Please return every record exactly, with no pictures included.

━━━━━━━━━━━━━━━━━━━━━━━━━━━━━━

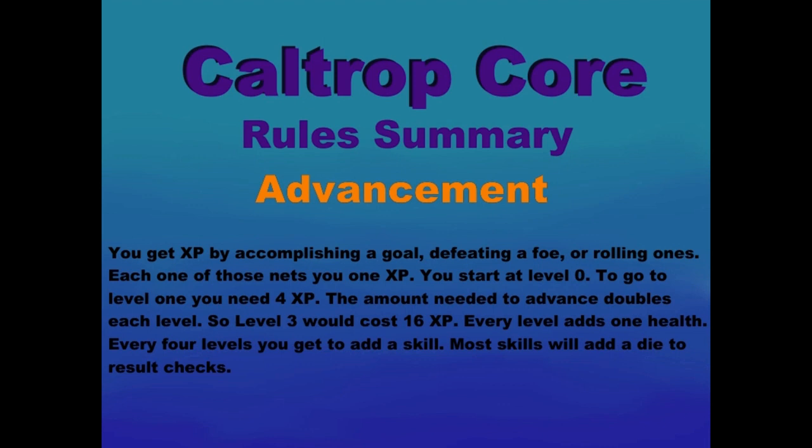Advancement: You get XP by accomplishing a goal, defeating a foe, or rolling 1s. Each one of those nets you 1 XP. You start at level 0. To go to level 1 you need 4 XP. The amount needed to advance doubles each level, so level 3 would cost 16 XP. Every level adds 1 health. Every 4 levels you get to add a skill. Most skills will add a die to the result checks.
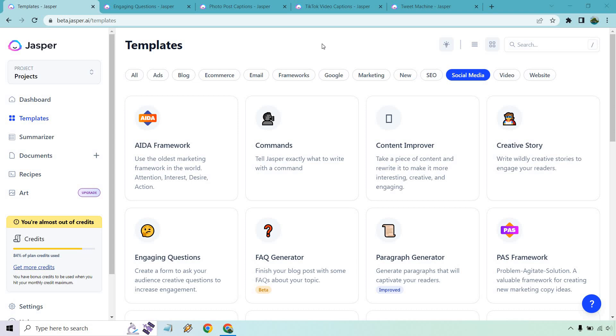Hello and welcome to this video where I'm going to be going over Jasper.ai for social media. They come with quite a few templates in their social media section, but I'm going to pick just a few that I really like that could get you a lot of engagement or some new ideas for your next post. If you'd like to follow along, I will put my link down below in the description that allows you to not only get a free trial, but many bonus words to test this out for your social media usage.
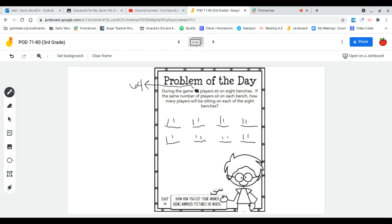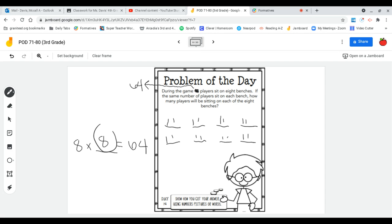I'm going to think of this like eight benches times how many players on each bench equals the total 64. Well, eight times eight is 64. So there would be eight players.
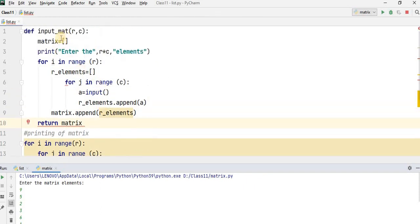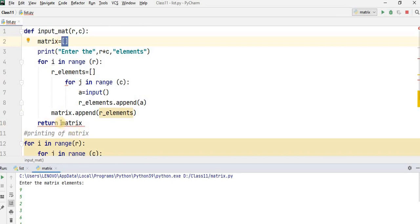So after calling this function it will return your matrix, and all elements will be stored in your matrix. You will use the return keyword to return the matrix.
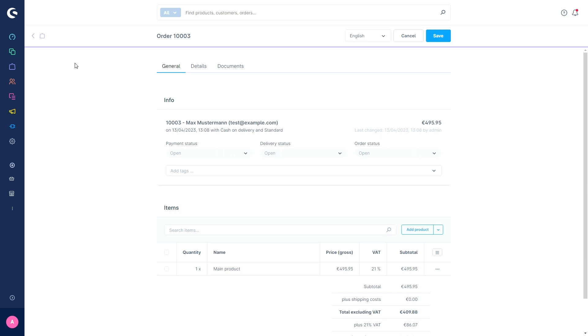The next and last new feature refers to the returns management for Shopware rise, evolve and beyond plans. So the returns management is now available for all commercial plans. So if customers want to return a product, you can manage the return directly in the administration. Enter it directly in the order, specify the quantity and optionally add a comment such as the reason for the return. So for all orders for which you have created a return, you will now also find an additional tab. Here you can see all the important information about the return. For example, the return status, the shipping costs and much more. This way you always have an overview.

━━━━━━━━━━━━━━━━━━━━━━━━━━━━━━

* YOUR SOLUTION
Advancement: You get XP by accomplishing a goal, defeating a foe, or rolling 1s. Each one of those nets you 1 XP. You start at level 0. To go to level 1 you need 4 XP. The amount needed to advance doubles each level, so level 3 would cost 16 XP. Every level adds 1 health. Every 4 levels you get to add a skill. Most skills will add a die to the result checks.
Hello and welcome to this video where I'm going to be going over Jasper.ai for social media. They come with quite a few templates in their social media section, but I'm going to pick just a few that I really like that could get you a lot of engagement or some new ideas for your next post. If you'd like to follow along, I will put my link down below in the description that allows you to not only get a free trial, but many bonus words to test this out for your social media usage.
I'm going to think of this like eight benches times how many players on each bench equals the total 64. Well, eight times eight is 64. So there would be eight players.
So after calling this function it will return your matrix, and all elements will be stored in your matrix. You will use the return keyword to return the matrix.
The next and last new feature refers to the returns management for Shopware rise, evolve and beyond plans. So the returns management is now available for all commercial plans. So if customers want to return a product, you can manage the return directly in the administration. Enter it directly in the order, specify the quantity and optionally add a comment such as the reason for the return. So for all orders for which you have created a return, you will now also find an additional tab. Here you can see all the important information about the return. For example, the return status, the shipping costs and much more. This way you always have an overview.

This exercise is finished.